There's a really fun computing machine designed by Marvin Minsky, an incredibly smart and prolific computer scientist. He just called them "program machines" when he first proposed them; most of us call them "Minsky Machines". I really like Minsky machines; I find their programs much easier to read and write than Turing machine programs, and their behavior is closer to real computers.

The minsky machine is astoundingly simple: even simpler than the turing machine. A minsky machine consists of:
1. A finite set of registers, A, B, C, ..., each of which contains a natural number.
2. A list of numbered instructions.
There are only three instructions in a minsky machine:
1. Increment: increment takes two parameters: a register, and an instruction number. It increments the value stored in the specified register, and then jumps to the instruction at the number.
2. Decrement: decrement takes three parameters: a register, and two instruction numbers. If the value in the register is 0, it jumps to the instruction at the first number; if the value in the register is greater than zero, it decrements it, and jumps to the instruction at the second number.
3. Halt.
You start with the instruction at position 0, and keep going until you hit a Halt.

Here's a subtraction program for a minsky machine with two registers. It takes two numbers in registers A and B, and leaves the result in A. If it halts with anything but 0 in B, then it's an error.
`1: Decrement(B, 4, 2)2: Decrement(A, 3, 1)3: Incr(B,4)4: Halt`
First, it decrements the value in register B; if B is zero, then the subtraction is done, so it jumps to halt. If B is greater than 0, then it subtracts one from B, and then tries to subtract one from A. If A is already zero, then it adds one to B (to be sure that B != 0) and halts. If A isn't zero, then it decrements it, and goes back to the beginning.

Now, here's a question: is this really equivalent to a turing machine? Intuitively, you can problably get a sense that this is a complete effective computing system. But how do we prove it?

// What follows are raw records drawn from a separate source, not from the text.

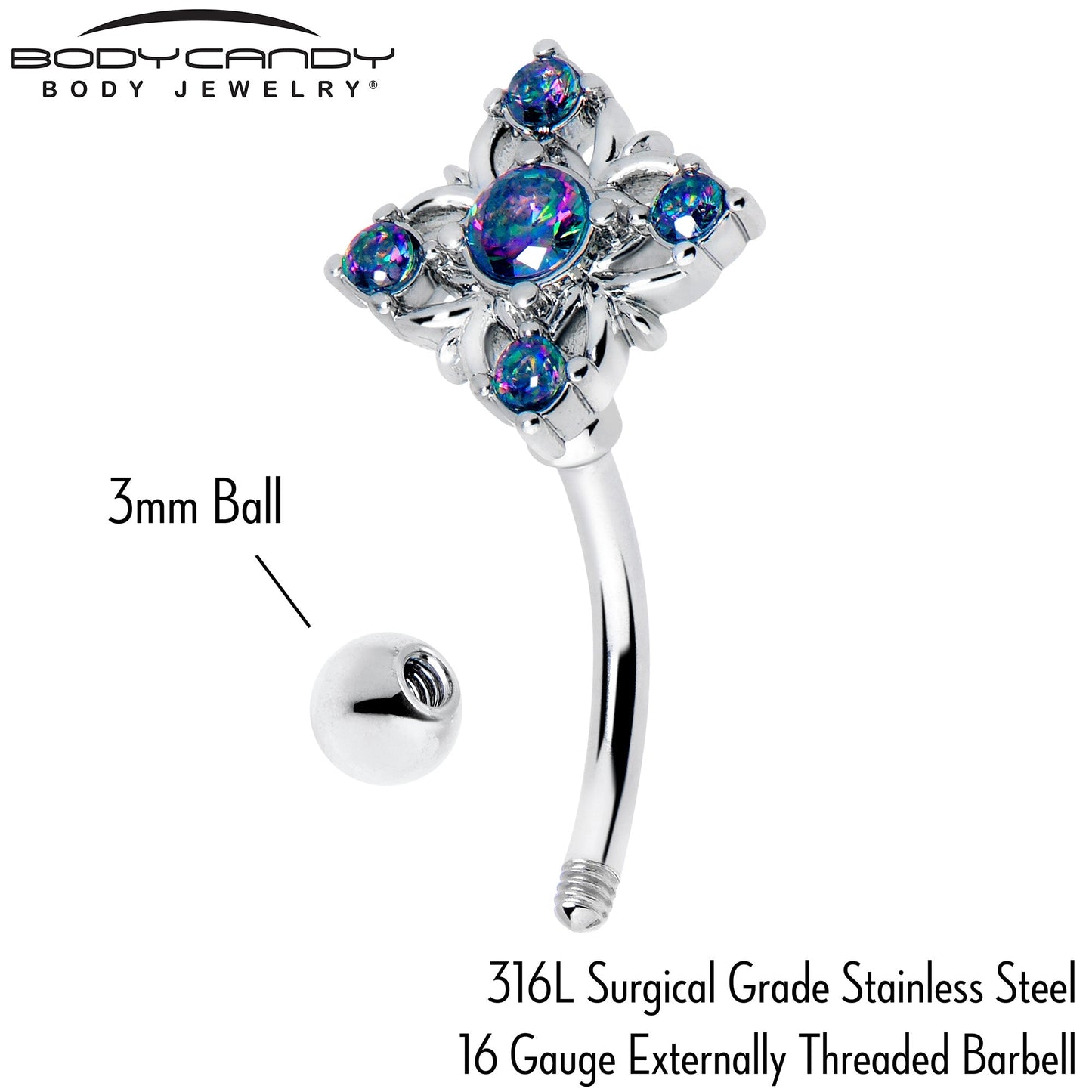 16G 5/16 Vitrail CZ Gem Beauty Cross Curved Eyebrow Ring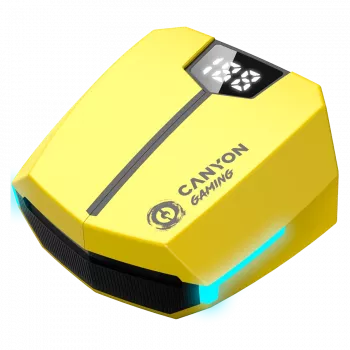 Canyon GTWS-2 Kopfhörer Kabellos Ohrhaken Gaming USB Type-C Bluetooth Lade-Dock Gelb (CND-GTWS2Y)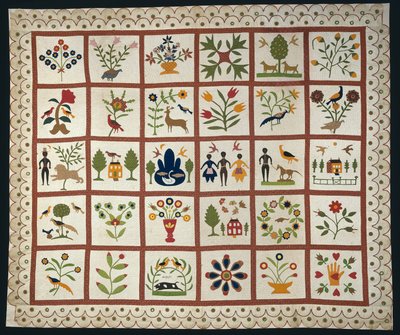 Cobertura de cama conhecida como Album Quilt de Sarah Ann Wilson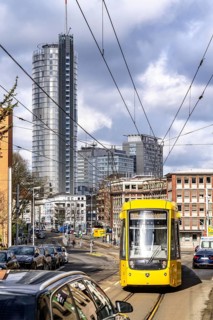 Essen city centre, RWE Tower, EVONIK building, Gutenbergstraße in the southern district, tram line,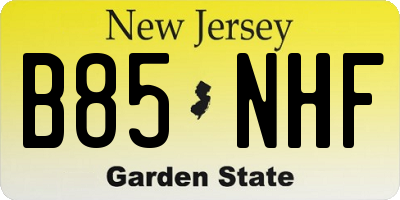 NJ license plate B85NHF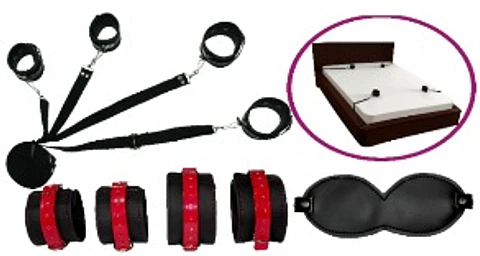 ATADURAS DE CAMA NEGRO ROJO CHAROL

Well, we know that a two-stack push-down automaton is completely equivalent to a turing machine: the two stacks can simulate the parts of the tape on either side of the head. And we know that if something can be done with a turing machine, it can be done with a binary (two symbol) turing machine. So - we need to show that we can simulate a two-stack binary push-down automaton using a minsky machine. A pushdown automaton is really just a FSM with two stacks.

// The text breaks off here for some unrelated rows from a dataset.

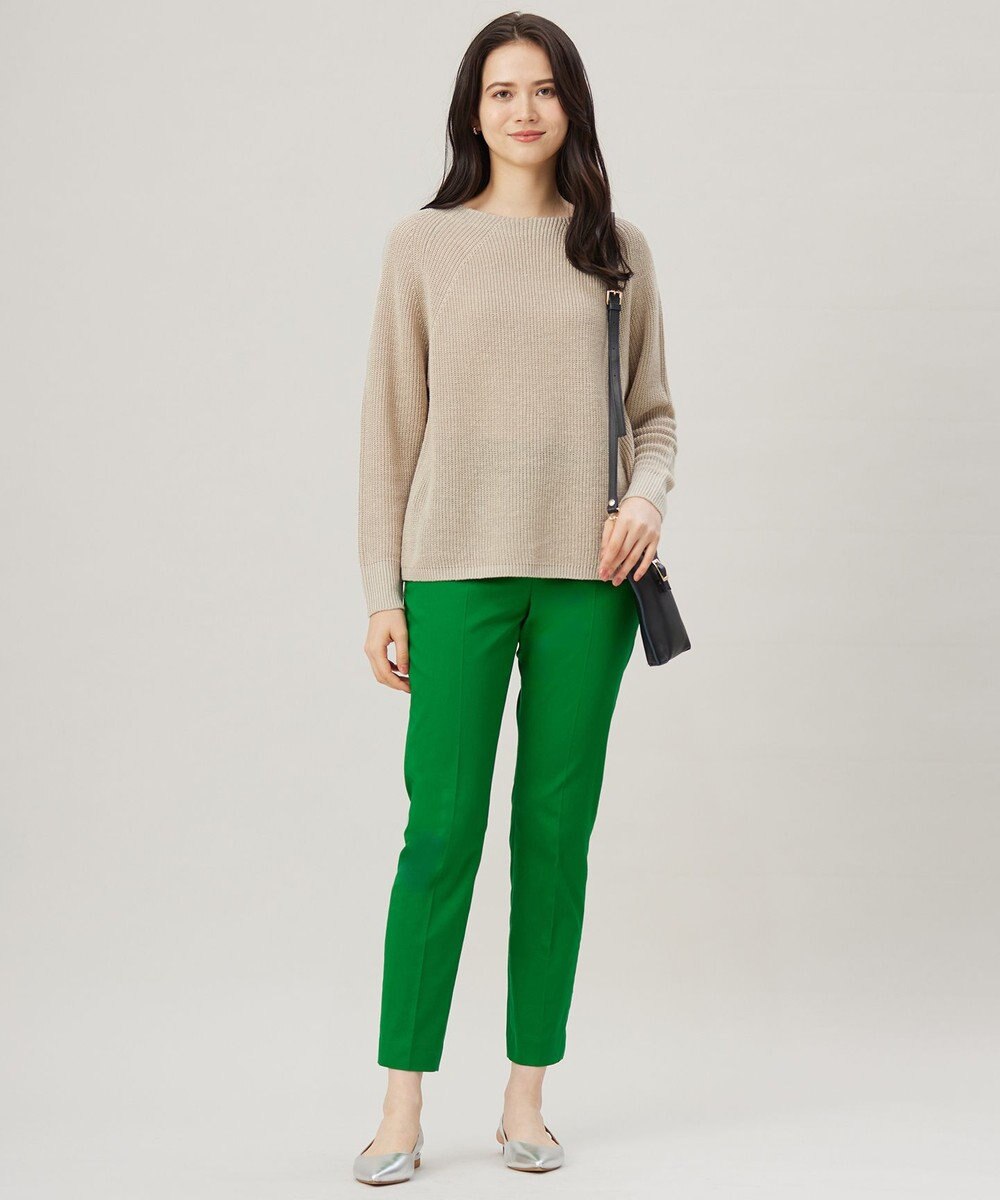 自由区 S 【UVカット・接触冷感・洗える】コットンサテンテーパード パンツ 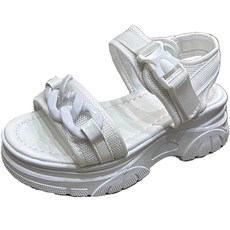 ShoesN 女款鍊環扣式厚底涼鞋, 230, 白色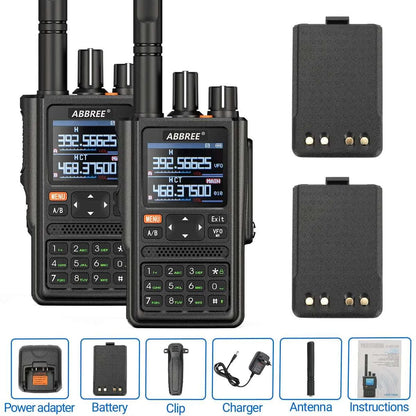 2pcs ABBREE AR-F8 GPS 6 Band Amateur Talkie high power 136-520MHz FreqHam Radios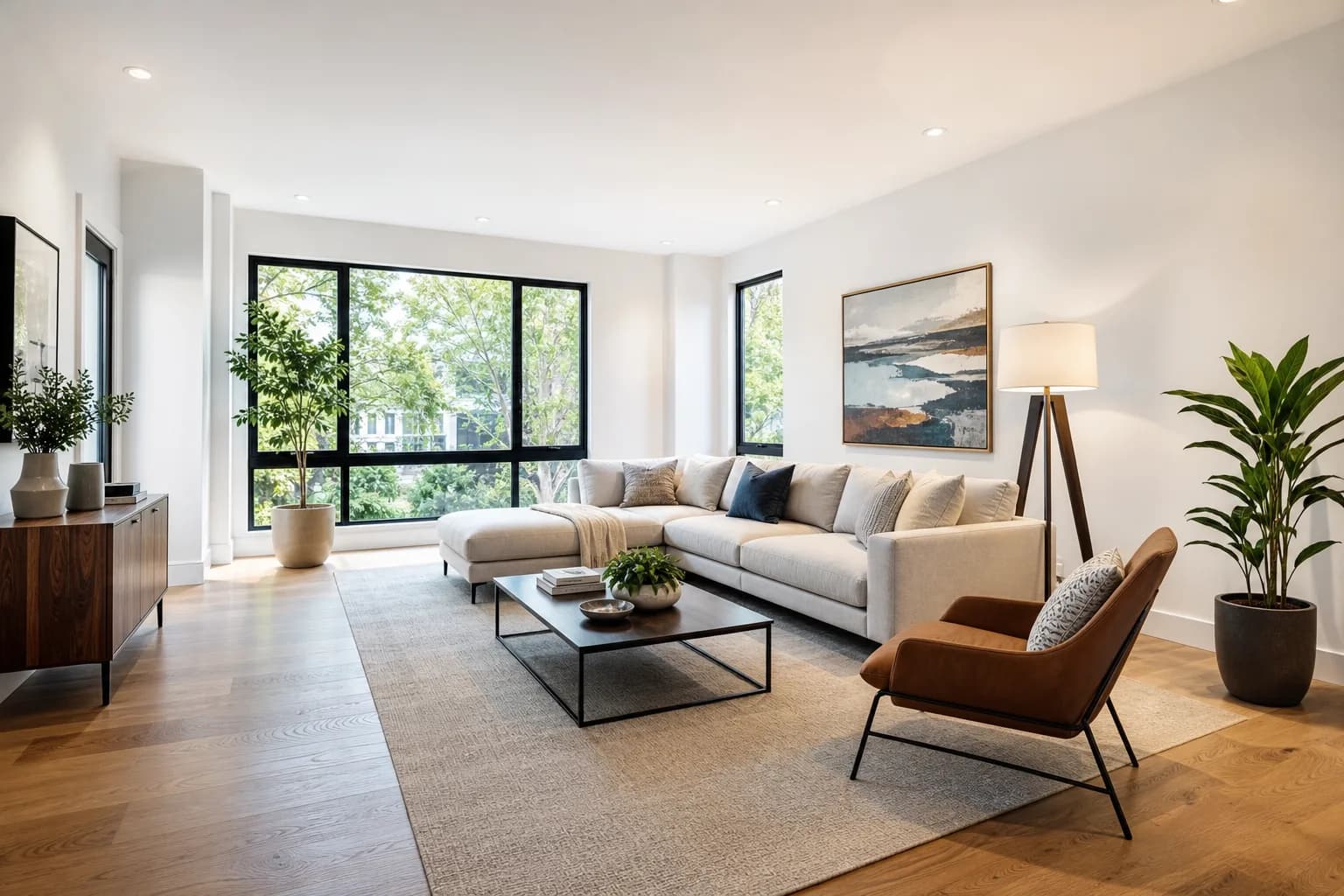Virtually staged living room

Since we already showed we can implement fully general natural number subtraction with a Minsky machine, we know that we can implement an FSM: subtraction is strictly harder than anything an FSM can do - so if our machine can implement a general subtraction, it can implement an FSM. So what we need to do is show that we can implement the stacks.

And that's easy. Here's how you implement a stack with two registers: one register holds a binary number. That binary number is the stack. To push a value on the stack, you multiply by two, and add the value. To pop the value on top of the stack, you take divide by two; the result of the division is the popped stack, and the remainder is the value that was on top. So you've got the stack data in one register. You need a second register to use to implement the multiplications and divisions.

So, if you've got four registers, then you've got two stacks. Poof. You've got a turing machine.

Going the other direction, it should be pretty easy to see how to implement a Minsky machine with a turing machine. To make things easy, we can use a multi-tape turing machine (since we know that that's no more powerful than a one-tape). Each register is one tape, containing its value in unary; and one tape contains the program.

• I have issues with people using the term "unary". If "decimal" has ten symbols 0 1 2 3 4 5 6 7 8 9 before going to two symbols to represent the next number, unary has only one symbol to use to represent all its numbers, namely 0; this is multiplied as many times as is necessary to represent numbers - 0, 00, 000, 0000. Would therefore all numbers in "unary" not contract to equal zero?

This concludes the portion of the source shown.